= David Dawson (painter) =

British artist (born 1960)

David Dawson (born 1960) is a British artist, born near Pwllheli, North Wales.

==Biography==
He studied at Chelsea College of Art from 1984 to 1987, followed by the Royal College of Art from 1987 to 1989, where he was a contemporary of Tracey Emin and Jake and Dinos Chapman. Unlike them, however, even at this stage Dawson considered himself to be almost exclusively a painter.

In 1989, Dawson showed his works at Flowers Gallery. He was chosen for the 6th edition of Artist of the Day, a valuable platform for artists since 1983, by Joe Tilson. The exhibition showcased the work of ten artists, chosen not by the gallery, but by established professional practitioners who each nominated a talent of their choice.

After leaving the Royal College of Art he became an assistant to the artist Lucian Freud in 1991, whilst working for Freud's art dealer at the time James Kirkman, and he continued this role until Freud died, as well as being a frequent model for Freud's paintings.

Dawson exhibited his paintings at Marlborough Fine Art in London in a two-person show with Catherine Goodman in 2004, and in 2011 a private solo show at 61a Cadogan Square in London.

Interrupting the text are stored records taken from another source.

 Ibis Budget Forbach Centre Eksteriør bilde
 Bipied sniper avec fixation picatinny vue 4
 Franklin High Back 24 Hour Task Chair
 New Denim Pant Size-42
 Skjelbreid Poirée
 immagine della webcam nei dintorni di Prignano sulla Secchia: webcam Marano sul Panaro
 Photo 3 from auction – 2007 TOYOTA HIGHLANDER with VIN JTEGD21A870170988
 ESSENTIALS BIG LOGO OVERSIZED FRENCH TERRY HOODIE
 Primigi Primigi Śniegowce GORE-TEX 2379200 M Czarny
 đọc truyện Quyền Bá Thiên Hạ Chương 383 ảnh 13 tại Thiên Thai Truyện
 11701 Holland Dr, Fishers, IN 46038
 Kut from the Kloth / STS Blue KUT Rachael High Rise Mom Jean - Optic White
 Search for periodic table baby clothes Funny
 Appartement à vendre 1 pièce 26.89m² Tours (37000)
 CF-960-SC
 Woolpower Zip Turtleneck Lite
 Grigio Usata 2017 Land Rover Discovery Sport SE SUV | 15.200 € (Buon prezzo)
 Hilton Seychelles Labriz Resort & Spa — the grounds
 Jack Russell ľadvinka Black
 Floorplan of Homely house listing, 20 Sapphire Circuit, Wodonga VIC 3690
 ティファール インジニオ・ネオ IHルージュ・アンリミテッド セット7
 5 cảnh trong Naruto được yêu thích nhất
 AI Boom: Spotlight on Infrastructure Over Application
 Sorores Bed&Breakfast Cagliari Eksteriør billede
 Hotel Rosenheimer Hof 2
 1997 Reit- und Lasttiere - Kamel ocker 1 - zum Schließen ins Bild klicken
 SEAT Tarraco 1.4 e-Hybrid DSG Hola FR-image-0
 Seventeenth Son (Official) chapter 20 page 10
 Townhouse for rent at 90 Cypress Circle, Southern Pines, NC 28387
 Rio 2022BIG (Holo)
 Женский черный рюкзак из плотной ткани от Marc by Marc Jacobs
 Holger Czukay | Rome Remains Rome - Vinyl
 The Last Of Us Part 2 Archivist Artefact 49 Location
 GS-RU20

As well as being a painter, Dawson is also a photographer, with his most well known photographs being a series started in 2000 of Freud at work. These were shown at London's National Portrait Gallery in 2004, and 26 of them were acquired for the gallery's collection, including images of Freud painting David Hockney, visits to Freud's studio by Neil MacGregor and Frank Auerbach, and Freud painting Queen Elizabeth II. A number of Dawson's photographs of Freud also appeared in 2006 in the book Freud at Work.

Dawson is represented by Marlborough Fine Art in London.

==Style and influences==
Dawson's paintings are realist in style and predominantly urban. His work has affinities with the School of London painters, including the paintings of Frank Auerbach, who is an acknowledged influence on him. However, there is a much clearer use of linear elements, with drawn structural lines often remaining evident in the finished paintings.

The urban subject matter could more accurately be described as 'suburban' as Dawson tends to concentrate on scenes from the area in which he lives, Kensal Rise in north London. He is quoted as saying, 'Looking out of the window is my starting point.' This approach has led to a series of paintings based on the cul-de-sac in which Dawson lives.

Although Dawson has acknowledged influence from abstract painters, including Jackson Pollock, his only works that are near abstract are a series of 'cloud paintings' depicting clouds against the sky. These were described by Dawson as being made to allow him to 'play with paint'. In his own estimation, however, he prefers to work from a physical subject, pushing it towards abstraction and then bringing it back towards realism.